Answer to Question #152947 in Calculus for Aysha Siddika

$v(t)=A(1- e^{-t/t_{maxspeed} } )\\$

If $\pmb{t\rightarrow \infty, v(t)\rightarrow A}$

As, $\lim_{t \rightarrow \infty} v(t)=\lim_{t \rightarrow \infty} A(1-e^{-t/t_{maxspeed}})$

$=A-\lim_{t \rightarrow \infty} e^{-t/t_{maxspeed}}=A-0=A$

For $t=0, v(t)=A-A=0$

$\therefore$ It starts with zero velocity.

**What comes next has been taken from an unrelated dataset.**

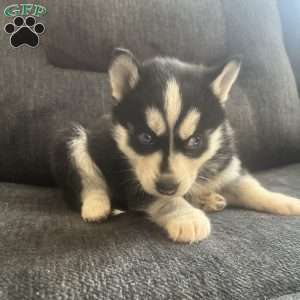 Duchess, Pomsky Puppy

Now, acceleration $a(t)=\frac{dv(t)}{dt}=\frac{A}{t_{maxspeed}}e^{-t/t_{maxspeed} }$

If $\pmb{t\rightarrow \infty, a(t)\rightarrow 0}$

As, $\lim_{t\rightarrow \infty}a(t)=\lim_{t\rightarrow \infty}\frac{A}{t_{maxspeed}}e^{-t/t_{maxspeed} }$

$=\frac{A}{t_{maxspeed}}\times0=0$

Now distance travelled at a time $t,$

$d(t)=\int_{0}^{t}v(t)dt=\int_{0}^{t}A(1- e^{-t/t_{maxspeed} } )dt$

$=At+At_{maxspeed}[e^{-t/t_{maxspeed}}-1]$